Species of cnidarian

Abylopsis tetragona is a species of siphonophore in the family Abylidae.

== Description / Behavior ==
Abylopsis tetragona is a species of siphonophore in the family Abylidae. Abylopsis tetragona is a colonial organism, which is primarily gelatinous and measures about 1 cm. This species has an anterior nectophore as well as a posterior nectophore that is three times as wide. Both facets are less regularly pentagonal. A. tetragona has radial symmetry and has two basal teeth. This species has an exoskeleton of chitin and are almost entirely marine. The A. tetragona has two body forms; a polyp and a medusa. All hydrozoans have many cells that can form into two tissue types: epidermis and gastrodermis. Abylopsis tetragona's common name is siphonophore and can be defined as eurythermal and euryhaline, meaning that they can endure a wide range of temperatures and salinities. Siphonophores, at first sight, can be thought to be a long mega-animal, as seen in the picture to the right.
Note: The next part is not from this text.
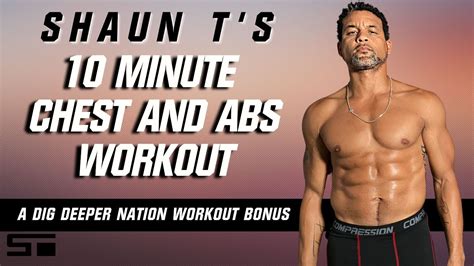 Shaun Ts 10 Minute Workout Chest And Abs Dig Deeper Nation Bonus Youtube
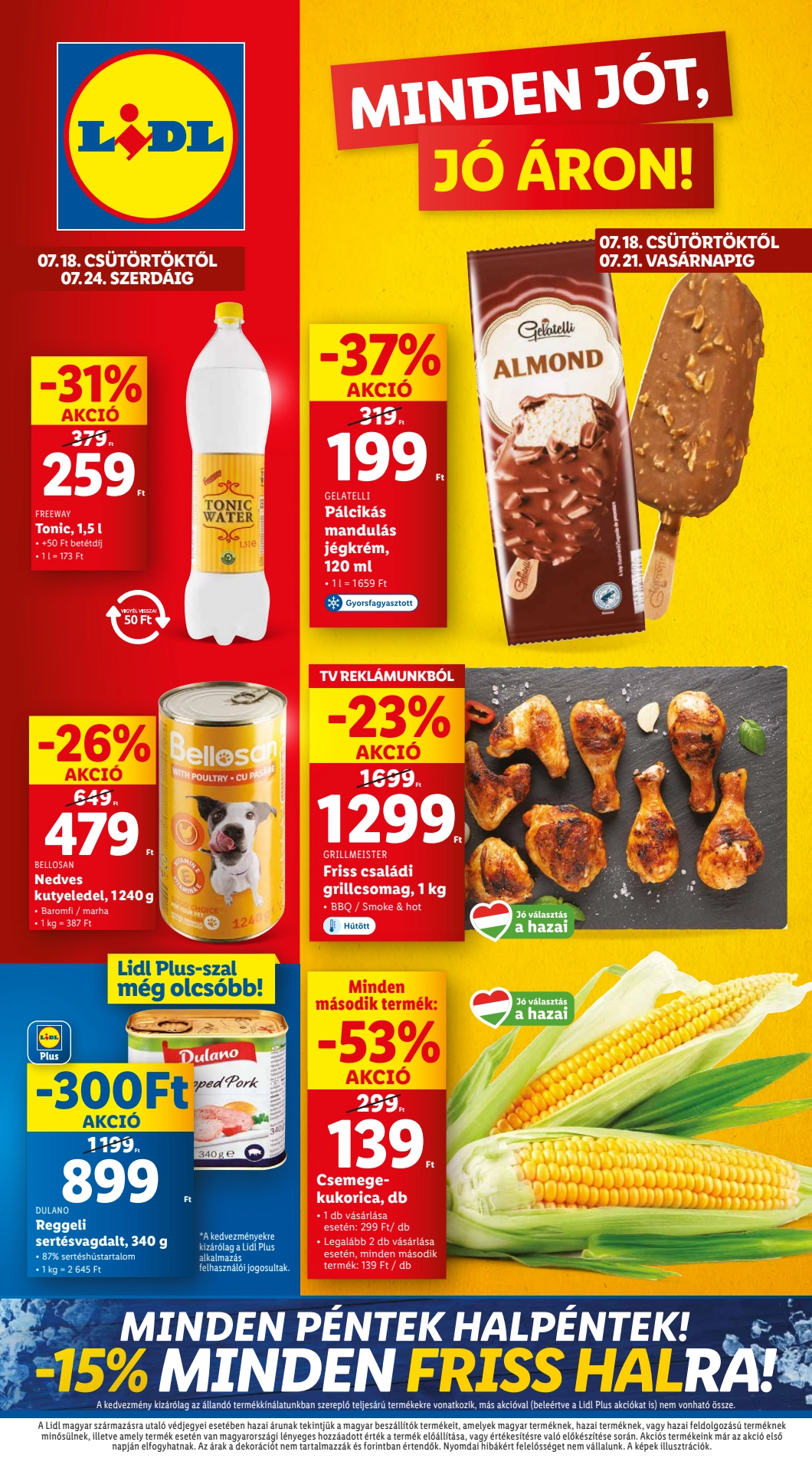 Lapozható Lidl szórólap 2024. 07.18-07.24 - 1. oldal Lapozható Lidl szórólap 2024. 07.18-07.24 - 1. oldal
But looking at it more closely, this mega-organism is made up of individual organisms called zooids (attached polyps medusae). Each zooid has a different role within the colony. Abylopsis tetragona lacks pneumatophores (which aid buoyancy), and has a nectophore. This means that A. tetragona uses its swimming bells to help with the locomotion of the colony. Siphonophores can form bioluminescent structures, enabling them to lure their prey and provide some defense mechanism against their predators. This species attaches itself to shells, seaweed, and other surfaces at the bottom of the ocean.

== Distribution ==
Abylopsis tetragona can be found at depths between 0 and 200m deep from the tropical to temperate oceans. This species is abundant in the Atlantic, Pacific, and Indian Ocean, as well as the Mediterranean Sea. In the Atlantic Ocean and the Mediterranean sea, the Abylopsis tetragona is mainly found between the depths of 50 and 200m. This species lives in both coastal and open waters, and can be found at depths of 100m at night through vertical migration.

== Diet ==
There are no studies on the species specifically. However, calycophoran siphonophores feed on plankton. They are known as voracious predators who primarily feed on fish larvae and herbivorous plankton. This species show selectivity in its eating habits. They digest their food in their simple gastrovascular cavity, which is lined with flagellated cells. These cells help circulate the food in the cavity.

== Life stages ==
This species was only recorded in the medusoid stage. However, more generally, calycophorae siphonophorae, the family of the Abylopsis tetragona,  start their life cycle as an egg that forms into protozoid. Then, the protozoid buds with other zooids and grows into a mature colony. After, the members of the colony liberate eggs and sperm, and this starts the cycle again.

== Movement ==
Abylopsis tetragona is known as ocean drifters, which means that they are unable to move on their own. This species also uses vertical migration to allow them to stay away from predators and feed. They go up to depths of 100m at night, while in the day, they can go down to depths of 200m. The gelatinous carnivores increased in the water column due to waters warming. They travel the depths of the waters by means of a gas-filled tissue.

== Reproduction ==
The main breeding period of this species is during the spring (April to June), despite their constant presence in the waters all year round. They reproduce asexually through a budding process, creating daughter polyps. This organism has minimal parental investment. The sperm and eggs that are released in the water are left to survive without parental assistance.